Understanding why $\sum_{i=n}^\infty \mu(E_i)=n=\mu(E_n)$ in the proof of Kac's recurrence theorem

Question

Let $(M, F,\mu)$ be a finite measure space, $f:M\to M$ be a $\mu$-measurable function such that $\forall A\in F:\mu(A)=\mu(f^{-1}(A))$ and $E\in F:\mu(E)>0$. Define

$$\rho_E(x) = \min\{n\geq 1:f^n(x)\in E\}$$

$$E_0 = \{x\in E:f^n(x)\not\in E \text{ for every $n\geq 1$}\}$$

$$E_0^* = \{x\in M:f^n(x)\not\in E \text{ for every $n\geq 0$}\}$$

$$E_n = \{x\in E:f^k(x)\not\in E \text{ for every $1\leq k\leq n-1$, but $f^n(x)\in E$}\}$$

$$E_n^* = \{x\in M:f^k(x)\not\in E \text{ for every $0\leq k\leq n-1$, but $f^n(x)\in E$}\}$$

I am trying to understand why $\sum_{i=n}^\infty \mu(E_i) = n\mu(E_n)$. The following is known:

1. $E_n, E_n^*$s form a disjoint partition of $\mu$-measurable sets for $M

2. $f^{-1}(E_n^*) = E_{n+1}^*\cup E_{n+1}$

3. $\mu(E_n^*) = \mu(E_m^*) + \sum_{i=n+1}^m\mu(E_i) \text{ for every $m>n$}$

4. The prior parts imply that $\mu(E_n^*) = \sum_{i=n+1}^\infty \mu(E_i)$

5. Thus $\mu(M) - \mu(E_0^*) = \sum_{n=1}^\infty\sum_{i=n}^\infty\mu(E_i)$

How can we then say that $\sum_{n=1}^\infty\sum_{i=n}^\infty\mu(E_i) = \sum_{n=1}^\infty n\mu(E_n)$?

Answer 1

I am trying to understand why $\sum_{i=n}^\infty \mu(E_i) = n\mu(E_n)$.

This is not necessarily true; but see below.

How can we then say that $\sum_{n=1}^\infty\sum_{i=n}^\infty\mu(E_i) = \sum_{n=1}^\infty n\mu(E_n)$?

One can write the infinite double sum on the LHS as a sum of terms that are typographically arranged so that on row $1$ the terms of the inner sum with $n=1$ are seen, on row $2$ the leftmost position is skipped and the terms of the inner sum with $n=2$ are seen etc:

\begin{align*} \sum_{i=1}^\infty\mu(E_i) &= \mu(E_1) + \mu(E_2) + \mu(E_3)+\cdots\\ \sum_{i=2}^\infty\mu(E_i) &= \phantom{\mu(E_1) +}\, \mu(E_2) + \mu(E_3)+\cdots\\ \sum_{i=3}^\infty\mu(E_i) &= \phantom{\mu(E_1) +\mu(E_2) +} \, \mu(E_3)+\cdots\\ \vdots \end{align*}

Reading the terms column by column gives the RHS. (This reordering is admissible; see Why can we interchange summations?)

Answer 2

I think some of the facts you wrote are irrelevant to your question of why $\sum_{i=n}^\infty \mu(E_i) = n\mu(E_n) $?

I think that the solution to your question comes from the layer cake representation\formula.
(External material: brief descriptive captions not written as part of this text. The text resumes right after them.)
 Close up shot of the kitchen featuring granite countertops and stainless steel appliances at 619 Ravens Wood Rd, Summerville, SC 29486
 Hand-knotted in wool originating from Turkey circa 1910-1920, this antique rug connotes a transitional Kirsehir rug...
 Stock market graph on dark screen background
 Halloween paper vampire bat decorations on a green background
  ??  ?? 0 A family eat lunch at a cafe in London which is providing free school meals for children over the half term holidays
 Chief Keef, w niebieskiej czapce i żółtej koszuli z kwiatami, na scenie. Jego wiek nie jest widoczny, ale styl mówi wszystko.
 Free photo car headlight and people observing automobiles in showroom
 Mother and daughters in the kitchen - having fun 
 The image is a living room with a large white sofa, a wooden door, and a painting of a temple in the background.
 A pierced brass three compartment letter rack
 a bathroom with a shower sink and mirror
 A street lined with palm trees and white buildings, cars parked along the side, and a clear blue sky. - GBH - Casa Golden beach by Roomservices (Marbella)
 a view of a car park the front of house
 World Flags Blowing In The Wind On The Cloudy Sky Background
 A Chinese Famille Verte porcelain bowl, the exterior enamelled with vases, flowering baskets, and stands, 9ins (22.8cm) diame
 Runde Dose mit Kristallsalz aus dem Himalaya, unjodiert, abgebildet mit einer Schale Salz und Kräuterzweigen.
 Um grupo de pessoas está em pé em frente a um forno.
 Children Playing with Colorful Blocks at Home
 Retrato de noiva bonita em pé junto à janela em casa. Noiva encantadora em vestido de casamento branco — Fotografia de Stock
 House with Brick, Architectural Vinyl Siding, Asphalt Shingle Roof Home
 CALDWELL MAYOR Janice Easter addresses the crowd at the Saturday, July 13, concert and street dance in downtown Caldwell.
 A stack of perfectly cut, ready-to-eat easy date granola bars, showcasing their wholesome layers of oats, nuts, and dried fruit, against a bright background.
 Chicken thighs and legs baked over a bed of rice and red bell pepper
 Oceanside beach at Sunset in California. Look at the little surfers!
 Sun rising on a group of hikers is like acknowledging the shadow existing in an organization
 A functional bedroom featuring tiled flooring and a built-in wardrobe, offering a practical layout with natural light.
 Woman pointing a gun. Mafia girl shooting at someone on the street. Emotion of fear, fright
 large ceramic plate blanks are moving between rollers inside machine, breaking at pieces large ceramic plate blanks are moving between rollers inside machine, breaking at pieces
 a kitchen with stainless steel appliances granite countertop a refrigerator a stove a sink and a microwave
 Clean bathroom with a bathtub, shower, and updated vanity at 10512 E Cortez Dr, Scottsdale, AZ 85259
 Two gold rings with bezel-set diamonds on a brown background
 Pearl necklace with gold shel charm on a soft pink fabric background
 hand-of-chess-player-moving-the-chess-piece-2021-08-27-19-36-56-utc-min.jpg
Define $\tau(x):= \rho_E(x)\cdot \mathbf{1}_E(x)$. Your question amounts to showing $\int_{E_n}\tau d\mu = \mu \big( \infty> \tau(x)\geq n \big)$.

If you know that $\tau$ is finite almost surely, this follows immediately from the following version of the layer cake formula.

$$ n\mu(E_n) =\int_{E_n} \tau d\mu = \int_{0}^\infty \mu \Big( \tau(x)>t \Big)dt = \int_{n}^\infty \mu \Big( \tau(x)>t \Big)dt= \sum_{k=n}^\infty \mu(E_k) +\mu(E_0) . $$

Poincaré recurrence theorem says that $\mu(E_0)=0$.